Le serveur s’étonne,
Monsieur,
Les collectionneurs des vieilles pièces n’existent plus.
Il semble aussi que c’est l’effigie d’un autre gouverneur
D’un pays voisin
Il faut donc se lever et partir.
Mais ta volonté
Se retire de toi
De minute en minute.
Ce ne sont que des mots
Les mots seuls ne suffisent pas
Mais seuls les mots peuvent leurrer
Pour laisser s’échapper
Ce qu’on ne désire pas dire.
Les yeux à eux seuls suffisent
Mais comme la foi
Au fond du coeur
Il faut qu’ils soient crus par la parole.
Au toucher de la main
Toute chose apparaît au grand jour
Mais la main ne peut atteindre la certitude
Sans un regard
Sans une lettre de l’alphabet.
Dieu seul sait
Le fond du coeur de ceux qui sont dans la plénitude
Et ont vu une seule lumière, au bout des doigts,
Ils ont entendu une voix unique
Quand certains ont voulu leur tendre un piège
En prétextant qu’ils sont convertis à une autre religion.
Emad Ghazali
Né au Caire en 1962. Après un diplôme d’ingénieur en 1989 de l’Université de Aïn-Chams, il obtient un diplôme d’études théâtrales de la faculté des lettres de la même université en 1992. Parallèlement à son travail, il a très tôt commencé l’écriture, s’attachant tout d’abord au poème libre puis virer vers le poème en prose.
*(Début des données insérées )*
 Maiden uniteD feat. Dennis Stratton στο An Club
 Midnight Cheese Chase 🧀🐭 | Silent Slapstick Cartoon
Son recueil de poèmes en proses Al-Makan bi khefa, dont nous publions ici quelques vers est sa 6e production, aux éditions Al-Dar en 2008 et au GEBO en 2009. Parmi ses recueils déjà publiés Oghniya oula (première chanson) en 1990, Fadaat okhra lil-taeir al-dalil (d’autres espaces pour l’oiseau désorienté) en 1999. Il a reçu le prix Soad Al-Sabbah du poème en 1990, celui de la créativité du nom d’Ahmad Bahaaeddine en 1999, et le prix de l’encouragement de l’Etat en 2000.